Tuesday, February 7, 2012

Scribbling in the margins

At Christmas time, I traveled with my girlfriend to Florida to visit her family. This included her mother and her brother and his family, a wife and nearly-grown son and daughter. It was a fun time, and I particularly enjoyed getting the chance to get to know the brother and his wife and the children.

At one point, I was speaking to the daughter, my girlfriend's niece Hope Ann, and Hope Ann expressed with great vehemence her disgust that anyone would ever write anything in a published book. This put her at odds with me, since I have always written notes and comments in the margins of books in my library. But to be civil, I didn't say anything, choosing instead to take the time to mull over why I write in books, and whether this is as reprehensible a habit as Hope Ann seemed to suggest.
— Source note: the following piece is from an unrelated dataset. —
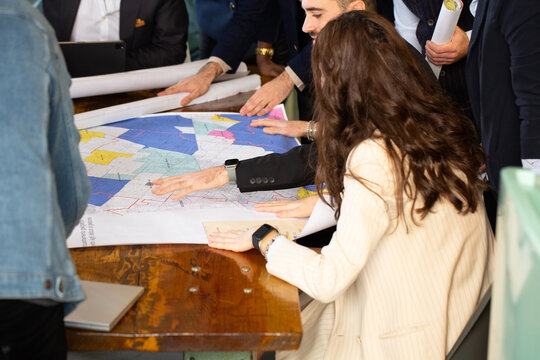 Architects and surveyors studying cadastral map on a table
I guess the first writing I ever did was in novels that I read. First of all, I would write my name inside the front cover of the book, because at that time it never occurred to me that these books would not belong to me for the rest of my life. And then there were times in reading novels when I would read a passage that was just marvelous, and I would want to make note of it so I could back and read it again. So I would underline or circle the paragraph, and maybe put an asterisk or exclamation point in the margin. And maybe in the flyleaf of the book, I would write the page number(s) to direct myself to where my favorite passage lay.

Then as I got older, I started reading non-fiction books - books on psychology and self-help books and mythology and so on. Now, as I read, I not only found interesting, striking passages that I wanted to underline, but I also encountered things that I disagreed with. Either way, I felt compelled to do more than just make note of the author's writing. I wanted to react to it with writing of my own, to say "Yes!" or "No!" and then give my own take on the subject being described. I wanted to, as it were, enter into a dialogue with the author, even if the author would never have a chance to offer a rebuttal to my reaction.

Then when I entered graduate school at Columbia, I encountered writing of a different sort: updating and correcting the author. In music history, which is what I was studying, as in many fields of study, ideas evolve over time, and what was accepted as truth previously, now in the light of new evidence is obviously incorrect. The problem is that books are often not published in academic circles quickly enough to reflect the changes in ideas. So professors, and some students as well, will write into the margins to reflect the current accepted ideas. Some times this was absolutely practical. I remember, for example, how a book from the 1950s included some instructions about how to read ancient notation that were incorrect. The author at the time didn't know that, but in the 1980s we did, so someone politely made the correction.

This way of dialoguing with authors has informed my recent reading of travel guides. Guides are another part of publishing where the updating and published of new editions does not keep up with change. For example, my girlfriend recently was chastising me for still carrying around a Rough Guide for Spain that I bought in 2006. Her point was that, if I bought it in 2006, that meant the book probably reflected what was correct in 2004, and therefore, by 2011, the book was probably mostly inaccurate. She had a point, but what she didn't know was that I had been making notes expressing my opinions about things I had seen and places I had gone, so that whether accurate or inaccurate, the book was becoming something of an encyclopedia of my previous travel experiences.

I think it is necessary whenever purchasing travel guides to be willing to take extensive notes. I try to incorporate changes and inaccuracies as they are encountered into my word-processed itinerary. But guide books are there with us when we are looking for sushi restaurants and hotels with softbeds, so it makes perfect sense that as we bite into tuna rolls and climb narrow staircases, we can pause for a second to jot something in our guide ("tasty!" or "no elevator!" or whatever is appropriate). We owe it to ourselves to make these emendations, and to whoever may ever borrow a guide book from us or ask for our opinion on a travel destination.

And finally, the place where I know writing to be most crucial is in using cookbooks. However accurate cooks and chefs try to be in writing down recipes, there are always things that need to be changed, or things that are implicit to them that need to be made explicit to me. So I am constantly writing each time after I make a recipe, to remind myself that the amount of sugar was woefully low in a brownie recipe, or that paella will never cook at a 200 degree temperature in my oven. I could decide to not write anything, but chances are that if, after making what I judge to be the proper change to make the recipe work, I enjoy the results, I am going to want to make the recipe again. And there's no guarantee that, a year after baking cornish hens for the first time, I will remember how to make the dressing so that it is not too mushy. So I better write my own changes down.

So, Hope Ann, I regret to inform you that I will remain an unrepentant margin scribbler. It is part of the process of bringing words to life, that I am compelled to add my own words in order to produce something that is, ultimately, useful to me. However much the author whose work I am spoiling may be a genius, their book has found its way into my hands and into my home, and now it is subject to my needs and whims. But rest assured, I am not ruining anyone's work, just adapting it, making it more useful and I hope, richer.